Como se sabe, se temos personagens de vida original, densidade narrativa que os suporta como húmus, uma intriga (um suspense, uma expectativa) e um estilo ou modo particular de trabalhar a linguagem natural - então, temos um bom romance, independentemente do género, do tempo e da história nele narrada. Com efeito, como já revelara em Niassa, Francisco Camacho tem o condão de possuir uma sintaxe que articula, sobre o léxico comum de classe média jornalística, imagens imprevisíveis que se colam ao leitor, despertando-lhe sentimentos passados. Não se trata de um léxico exuberante, luxurioso, antes a utilização das palavras socialmente as mais comuns, cuja articulação harmónica, em parágrafos relativamente longos, com ideias repetidamente desdobradas em três ou quatro frases, vincando-as na consciência do leitor, gera neste, por associação mental, estados de espírito semelhantes - leia-se, como exemplo da linguagem e do estilo do autor, o longo primeiro parágrafo do início do cap. 2 (p. 25).

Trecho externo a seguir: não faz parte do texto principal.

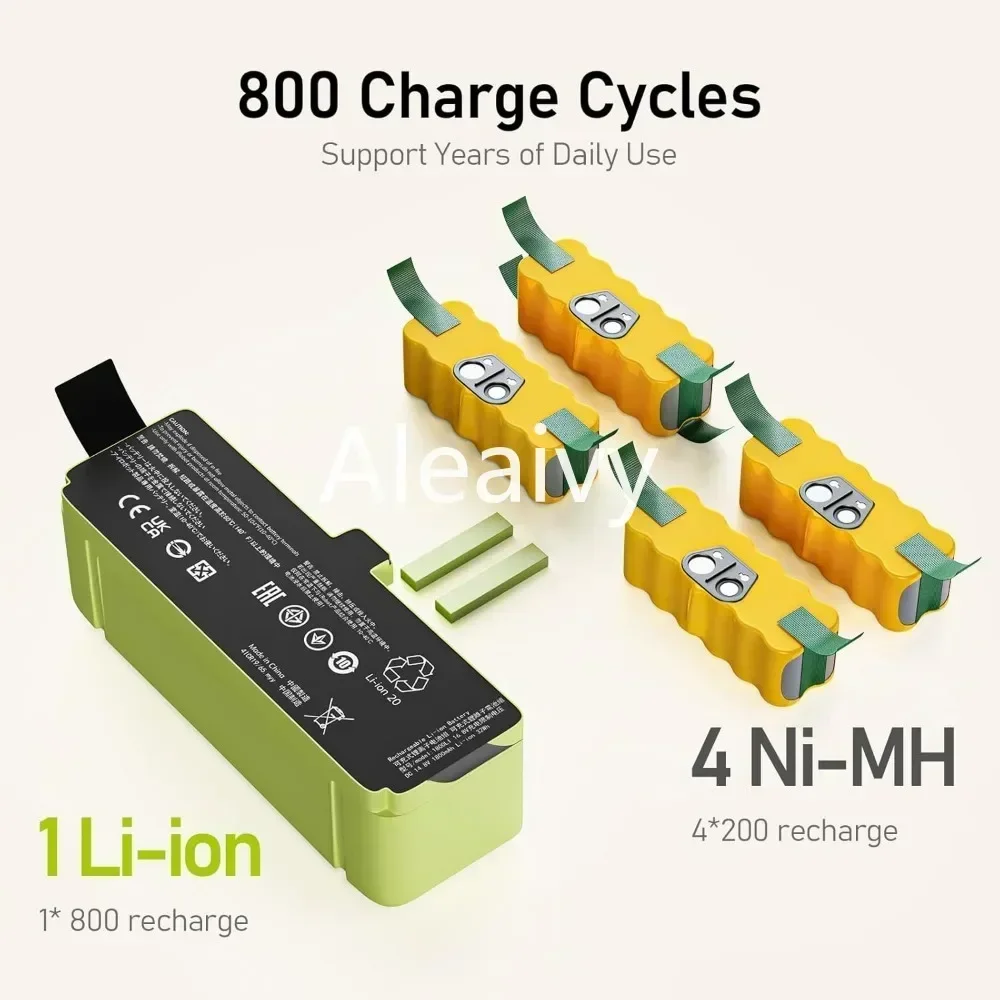 Upgraded 6500mAh Battery for iRobot Roomba 600 700 800  Series Li-ion Replacement for Robot Vacuum Cleaner Sweeper Accessories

David, o narrador, e Jack, o desaparecido, entranham-se no deserto marroquino em busca de dois diferentes destinos, o primeiro de Vera, seu profundíssimo amor (pp. 26 - 27); Jack, atormentado por um cancro, de recuperar o sentido de vida perdido. David, levado pela carta de Vera, falhará voluntariamente a sua busca (pp. 229 ss.); Jack descreverá a sua vida a David, cuja narração por este constitui a substância da totalidade do romance: "Tentaria [David] encarar os dois casos da mesma forma. Manter desperta a curiosidade pelo passado misterioso de Jack sem descurar o paradeiro de Vera..." (p. 72).

David Almodôvar, desempregado de uma agência de publicidade, acusado de plagiar um artigo sobre uma fadista exuberante (o leitor perceberá de quem se trata), tinha caído "num abismo de inércia havia três anos" (p. 28). É retirado deste "abismo" psicológico e de uma certa solidão existencial pela mão de um excessivo produtor comercial português, com fortuna própria, amigo de algumas personalidades internacionais do Rock - Victor Capri. Victor informa David que alojara em casa Jack e Lola, esta uma personagem típica do exotismo psicadélico da década de 60.

A narrativa de Jack evidencia a sua dupla origem escocesa e croata, bem como a infância passada em Lisboa, a criação da sua banda na década de 80, a sua passagem pela violentíssima guerra dos Balcãs ao longo da década de 90 e a infrutífera busca de serenidade na mítica (porque de origem materna) estância de férias La Herradura, na Andaluzia. Tomado pela vertigem da necessidade da solidão, Jack abandonara os “Bitters” na Roménia, atropelara milagrosamente um menino sonâmbulo, salvando-o da morte certa por hipotermia e dirigira-se a Berlim, onde é salvo da absoluta solidão por Erika. Num apartamento de Berlim, Jack volta a compor, legando ao mundo a sua última obra: “Prenzlauer Songs”. David, narrando a vida de Jack, lega ao mundo outra obra, um livro: “A Última Canção da Noite. Uma Biografia de Jack Novak”.

Um Cd, um livro, a erecção de um mito do rok – eis o que restou da perturbadora passagem de Jack Novak pelo mundo.


A Última Canção da Noite,

Oficina do Livro, 236 pp., 14,90 euros.